A Byju’s spokesperson declined to comment on the status of the interest payment. According to industry sources, the company has plans to meet the June 5 deadline. A Bloomberg report said the situation is still fluid and failure to pay on that date means the $1.2-billion loan will default. 

Meanwhile, Byju’s has raised Rs 2,000 crore ($250 million) from Davidson Kempner Capital Management, a US-based investment firm, in a structured instruments deal, according to people familiar with the matter. The funds have been raised against convertible notes issued by Aakash. Davidson Kempner Capital Management will get a stake in the upcoming market debut of Aakash. This is part of an ongoing $1-billion funding round the firm is raising in a mix of equity and structured instruments at a valuation of $22 billion.
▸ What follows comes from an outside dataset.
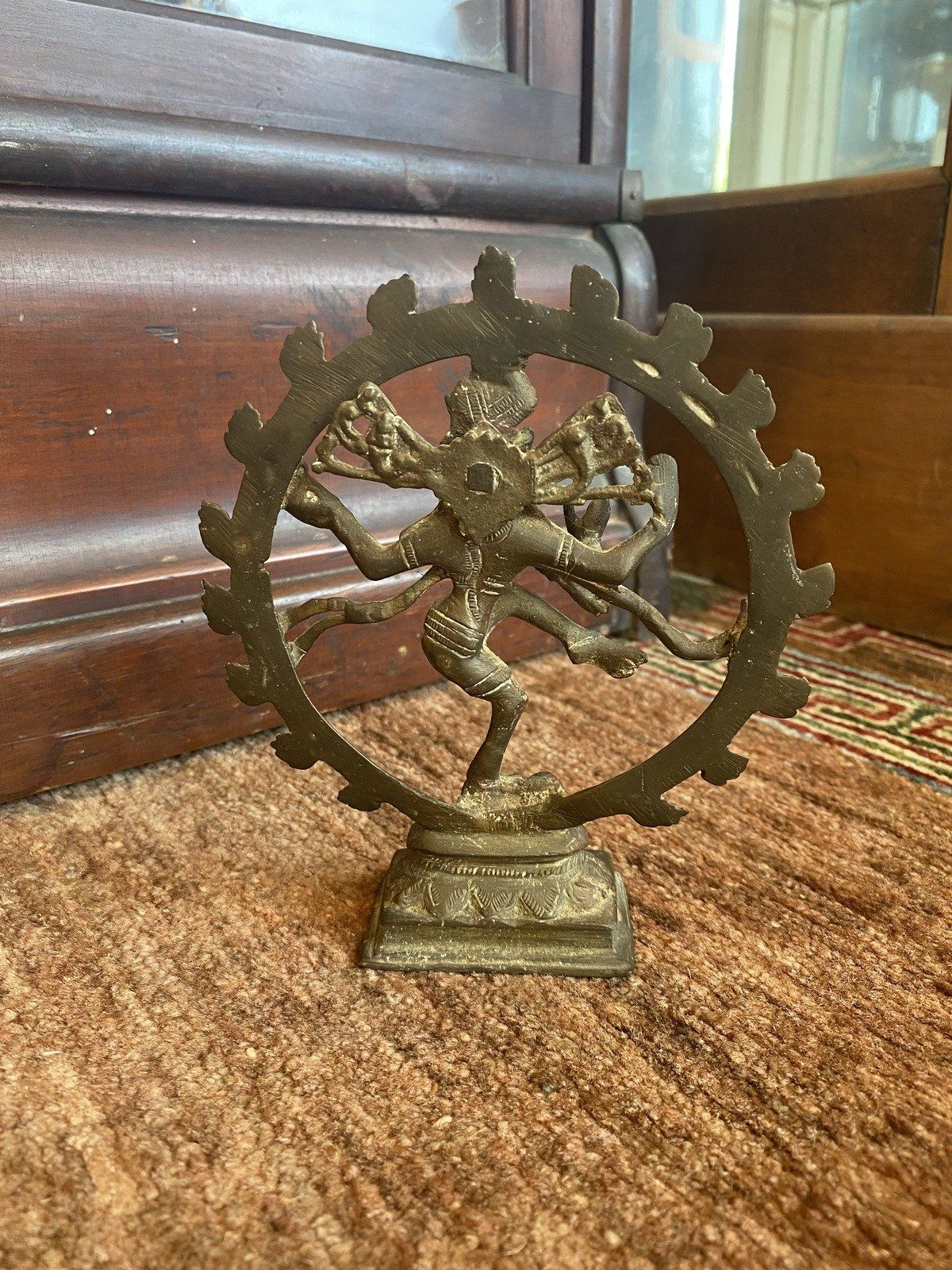 Small Brass Shiva Nataraja Sculpture 2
Around $700 million of $1 billion is expected to come through equity, for which Byju’s is in talks with existing and new investors. These include investors like Abu Dhabi’s sovereign wealth fund ADQ.
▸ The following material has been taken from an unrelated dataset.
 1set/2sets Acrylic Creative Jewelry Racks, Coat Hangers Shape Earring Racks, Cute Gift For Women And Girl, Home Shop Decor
The funding is expected to help Byju’s support the IPO plans of AESL. Byju’s acquired Aakash in 2021 for $1 billion.

But challenges for Byju’s are beyond just raising funds. The company is yet to file its 2021-22 results with the Ministry of Corporate Affairs (MCA). Other edtech unicorns, such as Unacademy, upGrad, Vedantu, PhysicsWallah, and Eruditus, have already filed their FY22 financials. The company should have filed its annual results with the MCA by September last year. But, it has been delaying that for over seven months now. Before this, the company filed its FY21 results in September 2022, after a nearly 18-month delay.
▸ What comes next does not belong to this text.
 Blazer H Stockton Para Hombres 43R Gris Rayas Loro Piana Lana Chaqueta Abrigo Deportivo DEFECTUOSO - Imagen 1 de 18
“Some investors are telling Byju’s to file the latest financials first and then it will be easier to transfer the money into the company’s bank account,” said a person familiar with the matter.

Another challenge for the firm is the creditors to Byju’s have reportedly pulled out of negotiations with the firm to recast a $1.2-billion loan. This is posing a new challenge to India’s most valuable start-up. The talks were called off after creditors moved court, accusing the firm of hiding $500 million of funds raised. Lenders can now sell the Term Loan B securities of the firm as the restraint that came as part of the negotiations is lifted.


The company proposed to rework its debt by increasing the interest rate on the $1.2-billion term loan due 2026, according to sources. They said the creditors may put pressure on the company to liquidate its assets in the US worth about $500-800 million to repay a part of a $1.2-billion loan if the firm is not able to provide the money from its cash reserves.

The Bengaluru-headquartered company’s US entity Byju’s Alpha was recently sued in Delaware by an agent of lenders to whom the company owes $1.2 billion. This happened after months of negotiations between creditors and Byju’s. The lawsuit was filed by GLAS Trust Company and investor Timothy R Pohl against Byju’s Alpha, Tangible Play, and Riju Raveendran. The two companies being sued are units of Think and Learn Private, edtech firm founded by Byju Raveendran.


Lenders have reportedly accused the company’s entity, which has no employees, of hiding $500 million as part of a battle between creditors and the edtech firm. The allegation was made during a court hearing last month in Delaware, where Alpha faces a lawsuit over who should control the firm. Lenders claim that because of a default earlier this year, they have the right to put their representative, Timothy R Pohl, in charge.

US asset manager BlackRock has again reduced the valuation of its share in Byju’s — this time to about $8.4 billion, according to its filing with the Securities and Exchange Commission for the March quarter.


Byju’s latest valuation, as estimated by BlackRock, is around 62 per cent down from the peak of $22 billion in April 2022. Before this, BlackRock had reduced the start-up’s valuation to $11.5 billion (as on December 31, 2022).